I have to admit, there are certain aspects of ITSI I find limiting.
For example: I need to create KPI which the sum of two fields in the last 5 minutes, say field foo and bar.
I can specify I want the sum of either of those individually as a metic but I cannot specify that I want the sum of both of them combined into one KPI.
Is there a way to do this that anyone is aware of?
What's the purpose here?
Are you wanting to create a KPI with the summed values then display it on a glasstabe/deep dive view?
The purpose is to create a KPI of the sum of the two other KPIs and then display it in deep dive or possibly a glass table, yes.
I think I kind of found a work around but I guess backfill doesnt work for it.

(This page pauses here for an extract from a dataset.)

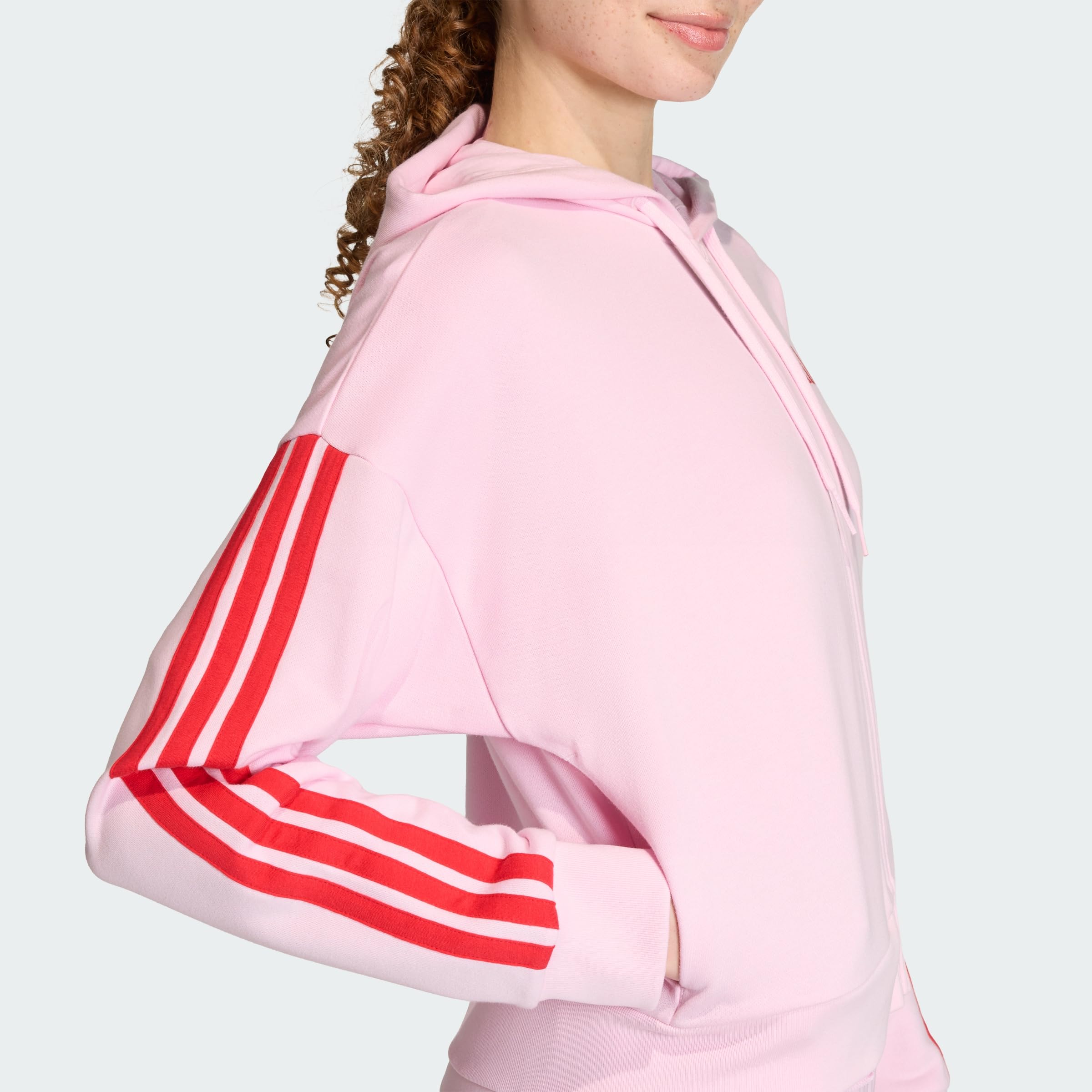 adidas Women's Chaqueta con Capucha Essentials French Terry 3 Bandas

sourcetype=sourcet1 xyz | eventstats sum(calls_kpi1) as calls1 sum(calls_kpi2) as calls2 | eval calls_proc = calls1 + calls2
@skoelpin
I've also found that when I use the query above to create a KPI base search, the preview for the Thresholds is all out of whack and I cannot set it properly. The value range is showing in Deep Dive as between 11 - 44 and yet the values shown in the preview for Thresholds are in the millions, which makes no sense.
This is pretty discouraging as I am being asked to convert a report into an ITSI dashboard and it requires more complex queries than just summing one KPI or taking the average or another single KPI. Was ITSI just not designed for anything other than basic statistical analysis on single KPIs?
The preview will show a sample rather than 1:1 results. Did you use a transformational command in your search? If so then this could be the culprit why it's not showing up correctly in the preview.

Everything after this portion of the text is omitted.